Lorsque nous parlons de valeurs européennes et que, en même temps, par un biais ou par un autre, nos armes arrivent dans des pays en conflit armé, c’est inadmissible.
Il faudrait une plus grande cohérence. Nous ne pouvons pas parler des valeurs européennes et en même temps profiter des conflits pour que certains s’enrichissent, le tout clairement en opposition à ces mêmes valeurs. C’est immoral.
- Quelle peut être la contribution des chrétiens à cette Europe de la solidarité et de la paix?
Tout d’abord, il faut que les catholiques aillent voter, c’est un devoir civique. Si dans une démocratie, personne ne va voter, c’est la démocratie qui perd, quel que soit le résultat des élections.
Ensuite, les chrétiens devraient s’engager dans le monde social et politique. Nous ne sommes pas une société à part en tant que chrétiens, mais nous devons nous engager aux côtés de toutes les personnes de bonne volonté et travailler ensemble pour réaliser un peu plus de justice et de paix. Comme évêque j’ai une certaine facilité à énoncer des idéaux et c’est une bonne chose. Mais la politique relève toujours du domaine du possible.
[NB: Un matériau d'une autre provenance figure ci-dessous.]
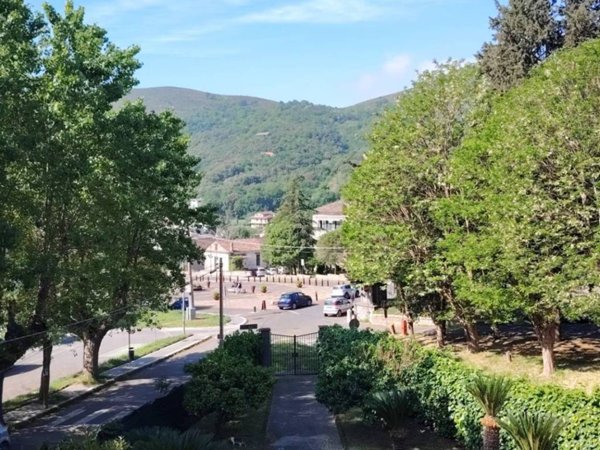 intera palazzina in vendita a Caserta in zona Vaccheria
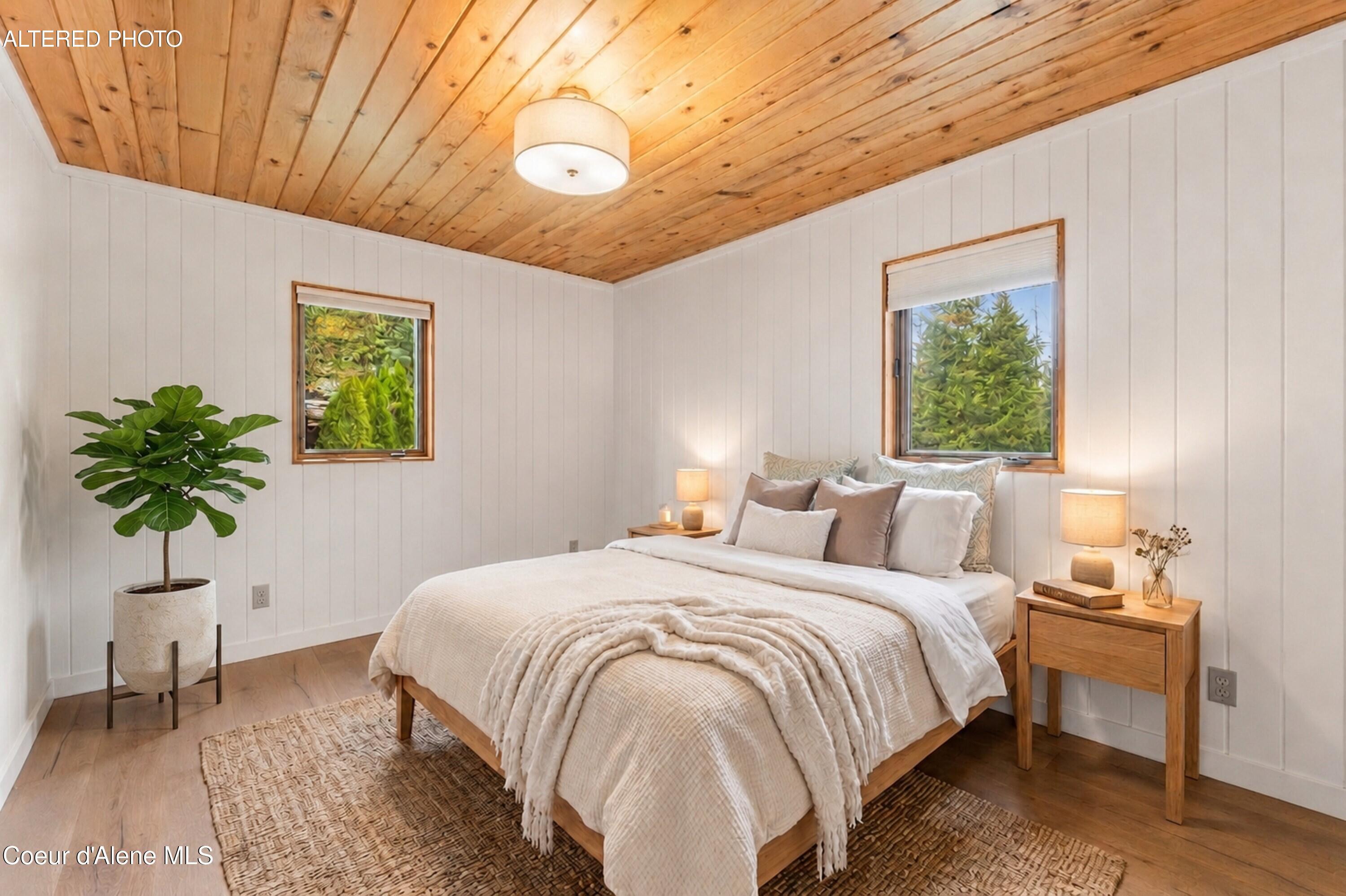1143 East Rookery Road Hayden, ID 83835 - Photo 19 of 57 1st Floor Bedroom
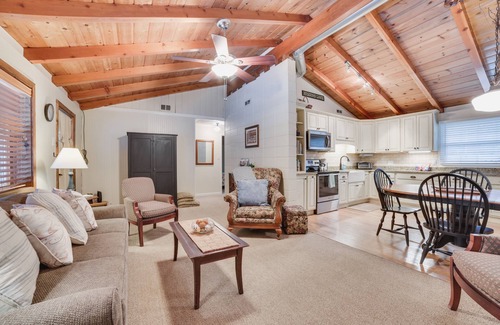 Higgins Lake Hütte | Roscommon Cottage - Walk to Higgins Lake!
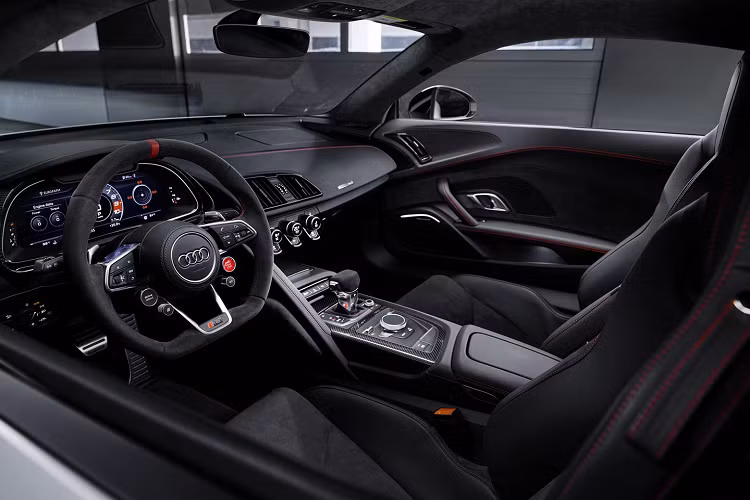 Toàn bộ lượng sức mạnh kể trên được truyền xuống 2 bánh sau thông qua hộp số ly hợp kép 7 cấp với ly hợp ướt và đã trải qua tinh chỉnh. R8 GT RWD 2023 có thể tăng tốc 0 - 100 km/h trong vòng 3,4 giây, nhanh hơn R8 RWD tiêu chuẩn 0,4 giây. Tốc độ tối đa của xe có thể đạt đến mức 320 km/h.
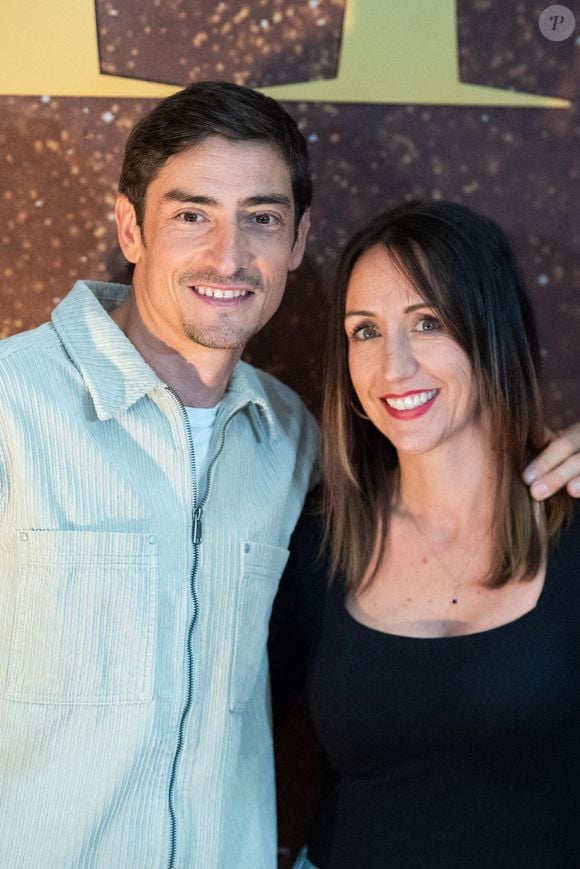 Il s'est adressé à elle en premier lieu pour la remercier

Claude Dartois et sa femme Virginie Milano assistent à la projection spéciale de Gladiator II à Paris au Pathe Palace à Paris, France, le 10 novembre 2024. Photo par Aurore Marechal/ABACAPRESS.COM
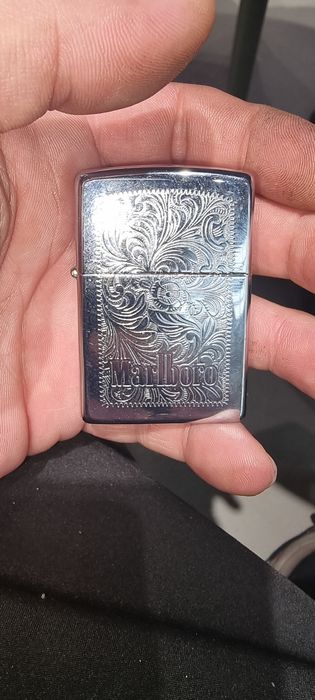 Зажигалка зиппо из 90х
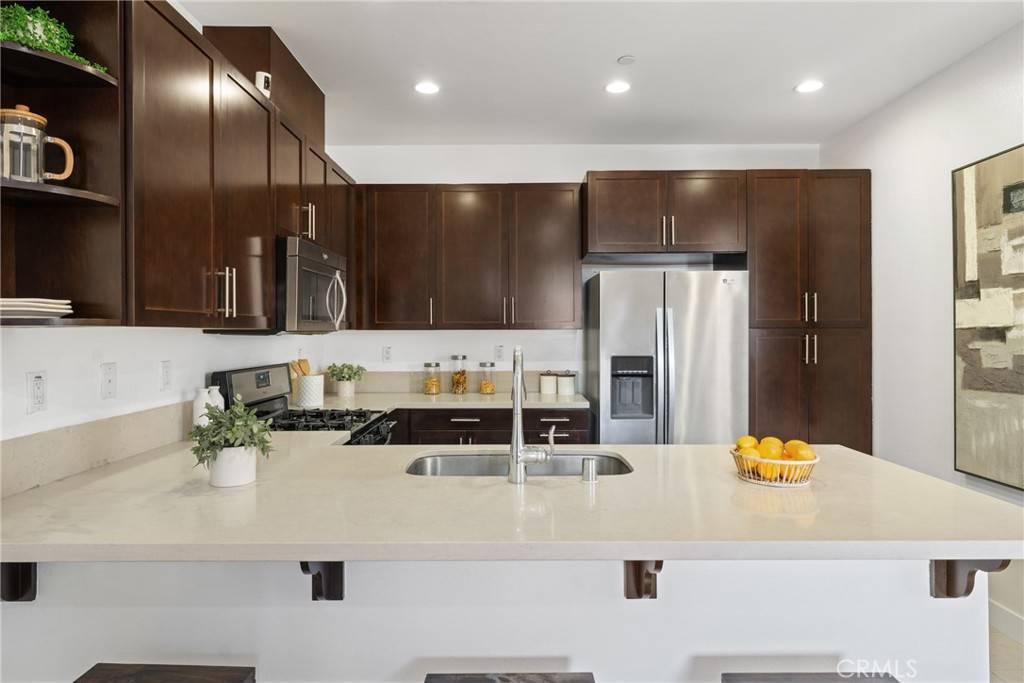 Fullerton, CA 92832,698 Americana DR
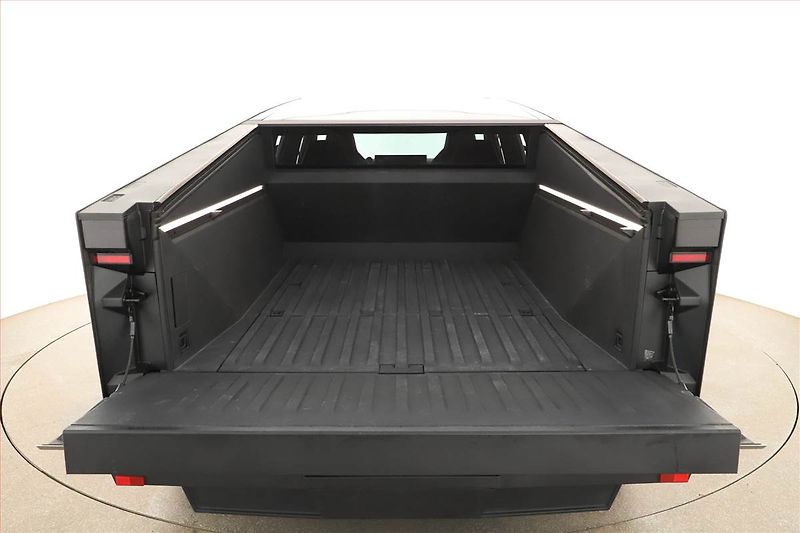 Tesla Cybertruck (2024) Dual Motor AWD - fotka 11 z 30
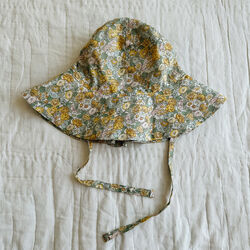 Yvonne Hat Baby, sunkissed, Lalaby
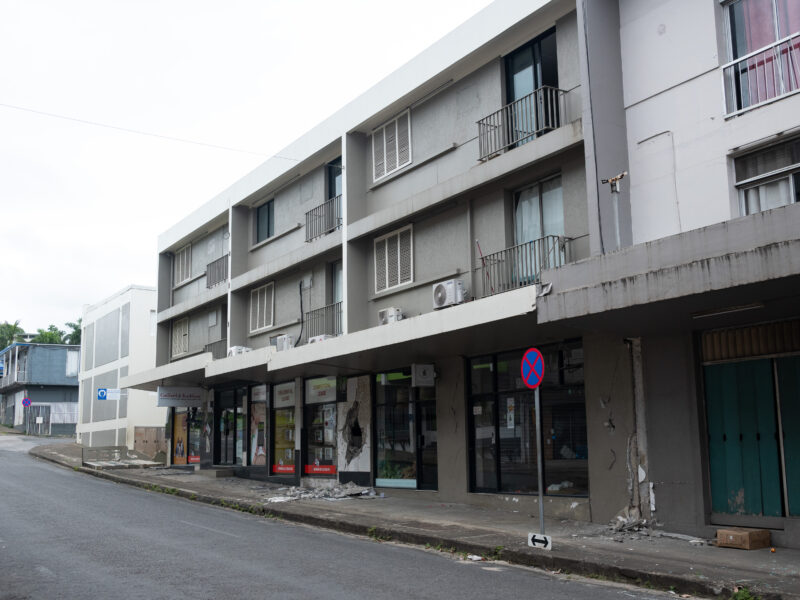 Des bureaux détruites en plein Port Vila (Caillard & Kaddour)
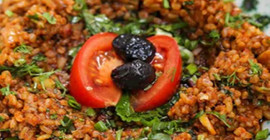 Kısır yaparken genelde kimse dikkat etmiyor ama böyle hazırlanınca daha lezzetli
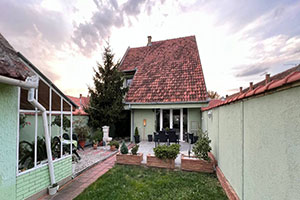 Dve prizemne i jedna spratna kuća, II zona, na placu od 530m2.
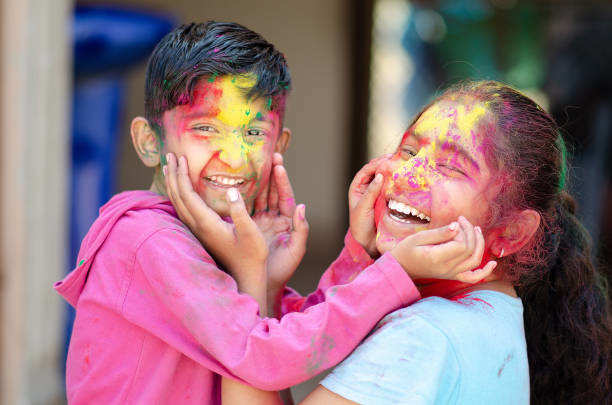 Holi 2023: होली के रंगों से बच्चों को सुरक्षित रखने के लिए फॉलो करें ये टिप्स, बेफिक्र होकर मना पाएंगे त्योहार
- Vous avez une vision claire pour votre mandat à la présidence de la COMECE.
Oui, mais je ne suis pas seul. J’ai à mes côtés quatre vice-présidents. Il est très important que nous nous concertions et que nous intensifions les contacts avec les conférences épiscopales sur ces questions européennes. Il faut que nous puissions vraiment représenter l’avis des Eglises catholiques dans l’UE.
J’espère d’ailleurs que ce que je pense aujourd’hui de l’Europe sera toujours en évolution. Si on pense tout comprendre, en général on ne comprend rien. Il faut vraiment une intelligence qui puisse saisir les nouvelles données pour pouvoir s’ajuster toujours plus. Cette intelligence ne peut être le fait d’une seule personne. Voilà pourquoi nous avons une présidence de cinq personnes venant de différentes régions européennes, de petits comme de grands pays. Pour que nous puissions vraiment saisir la situation, donner une réponse et entrer dans un dialogue vrai.
- Vous voulez dire une intelligence dynamique, parce que l’Europe est confrontée à des changements constants…
Nous sommes dans une profonde transformation de civilisation. La mondialisation, le numérique sont en train de changer notre manière de penser. Nous tous, hommes et femmes d’Eglise, hommes et femmes politiques, nous devons réfléchir à la façon de sauvegarder la démocratie dans ce nouveau monde. Si l’Europe veut lutter contre les dérives populistes, elle ne pourra pas faire l’économie d’une réflexion de fond. Cela permettra de renforcer les démocraties en Europe dans un monde totalement différent de celui que nous avons connu.
Chaque homme et chaque femme a toujours tendance à interpréter le monde en fonction de sa propre histoire. Ce qui est normal. Cependant, il arrive un moment où ce passé, toujours pensé et repensé, prend tellement de place qu’on ne voit plus les nouveaux défis à nos portes. J’espère que beaucoup de gens prieront pour nous, les évêques, afin que nous puissions rester attentifs à ces nouveaux défis, ne pas seulement regarder en arrière mais aller de l’avant pour le bien commun.